A Prodigal Son: Brooks Williams Plays the Role of Americana Ambassador
It’s rare that the title of this column carries a double meaning, but in the case of that traipsing troubadour Brooks Williams, the underlying message comes to the fore. Williams is, after all, an American transplant who currently makes his home in the U.K. – literally Americana abroad. It’s significant, then, that he still purveys a sound commonly associated with his native soil – that is, traditional folk and blues.
Williams hails from Statesboro, Georgia, a town that loaned its name to one of the most searing blues tunes in bluesman Blind Willie McTell’s classic catalog, “Statesboro Blues.” And that rich, rootsy sound is an integral part of Williams’ stock and trade.

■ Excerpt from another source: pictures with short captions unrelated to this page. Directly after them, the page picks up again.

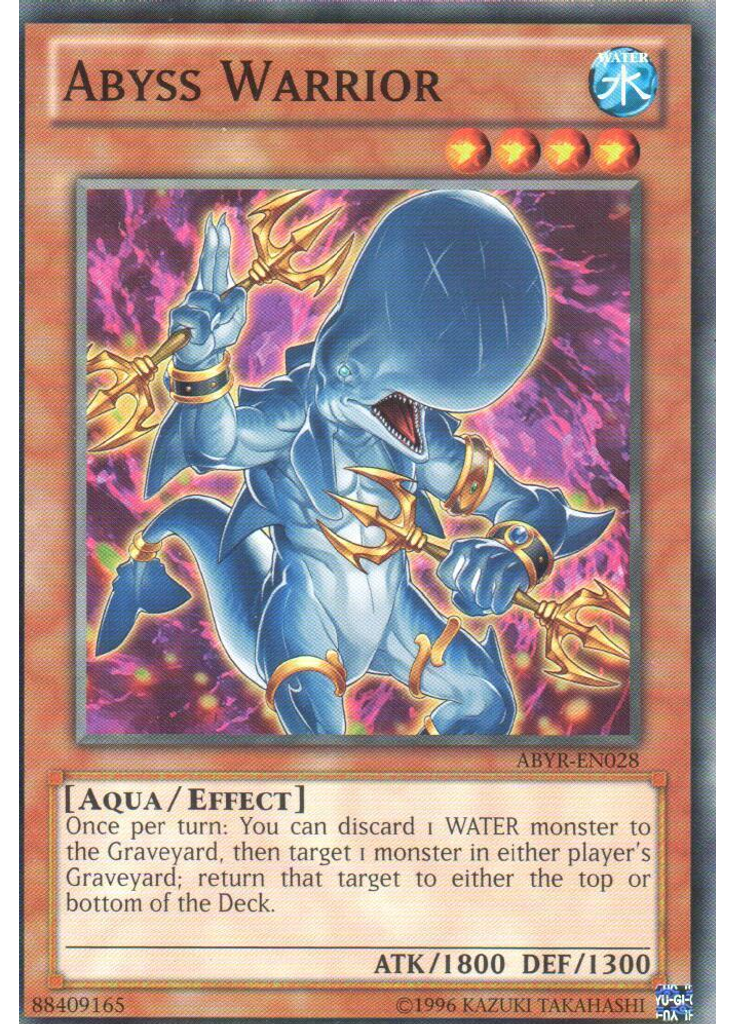 Abyss Warrior (Common Unlimited)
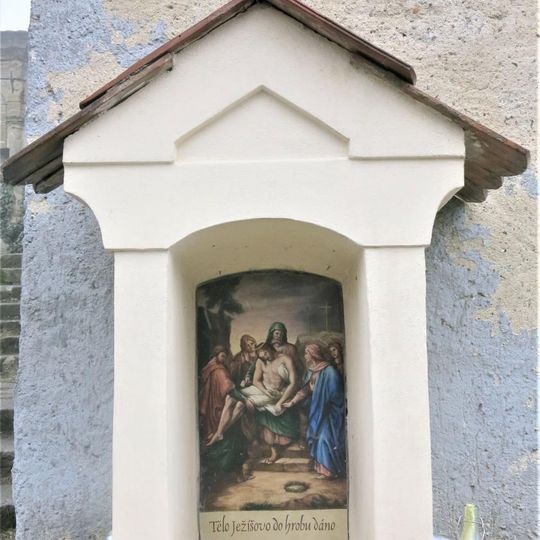 Kaplička XIV. zastavení Křížové cesty u Ostrého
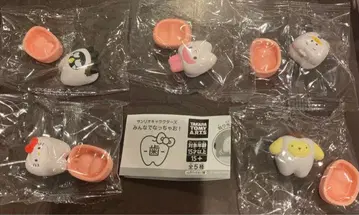 산리오 치아 캡슐 토이 세트 5종 캐릭터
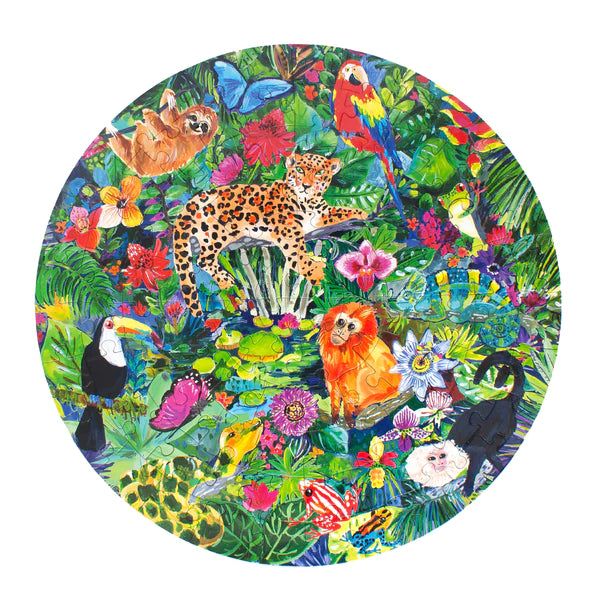 Rainforest 100 Piece Round Puzzle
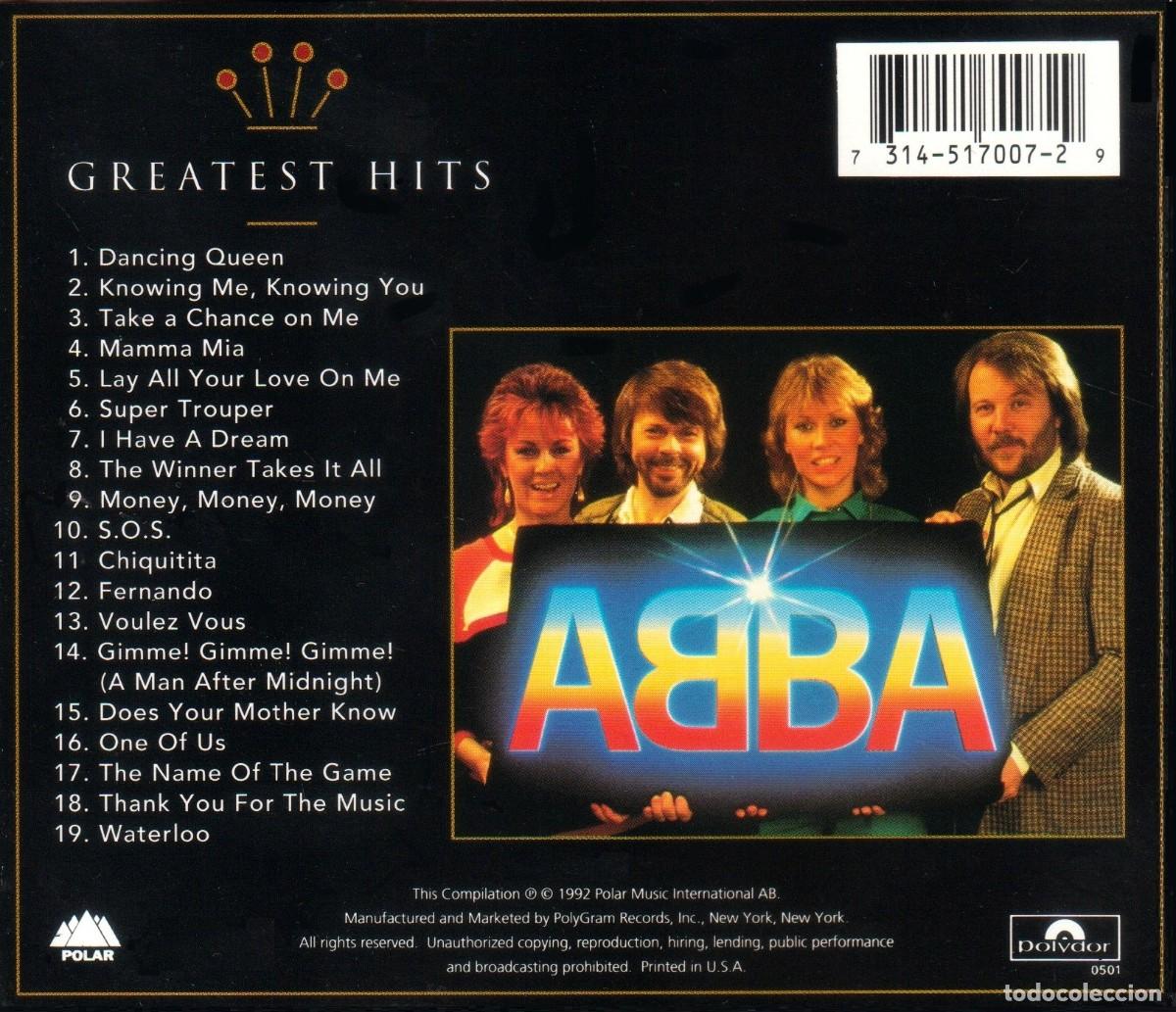 CDs de m&uacute;sica: ABBA. GOLD. RECOPILATORIO. CD. - Foto 2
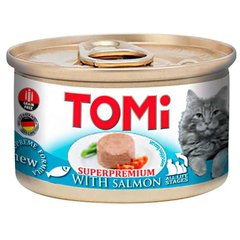 TOMi (Томи) Superpremium Salmon – Консервы с лососем для котов (мусс) 85 г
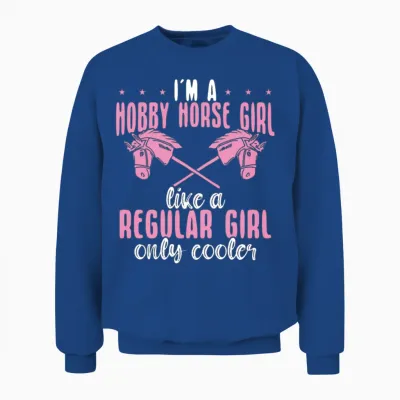 Funny Hobby Horsing Cute Hobby Horse for Girls Unisex Sweatshirt - Royal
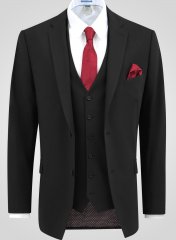 D555 Ted 4 Way Stretch Tailored Suit Jacket Černá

Though he was bred in Georgia, Williams’ career grew in Boston while he was still in his late teens. He gradually expanded his reach by playing the clubs and coffeehouses of New England and New York, developing his affable style and an intuitive insight into the revered roots music tradition handed down to him by artists who had come before.
Therein lies the irony. While Williams has been well-received in Great Britain, he’s still sadly unappreciated back home. It’s not through lack of trying, however. He has no less than 20 solo albums to his credit, along with several compilations and a pair of collaborations with former Bible frontman Boo Hewardine that they’ve appropriately dubbed State of the Union.
“My tours in the U.K. and Europe are vital to my music,” Williams told me in a recent interview. “Years ago I literally found my ‘voice’ on U.K. festival stages, in Irish singer-songwriter bars, and in the blues clubs of The Netherlands and Belgium. These audiences know their Americana – in many ways even better than we do – and they reflected that back to me, by their response, by what I sounded like. For example, as I was born in Statesboro, Georgia, they were looking for a little bit of that Georgia groove in my songs. Since I now live in the U.K. and tour at least half the year in both the U.K. and Europe, my shows here keep me on the high road – or perhaps I should say, on the low-down and dirty road.”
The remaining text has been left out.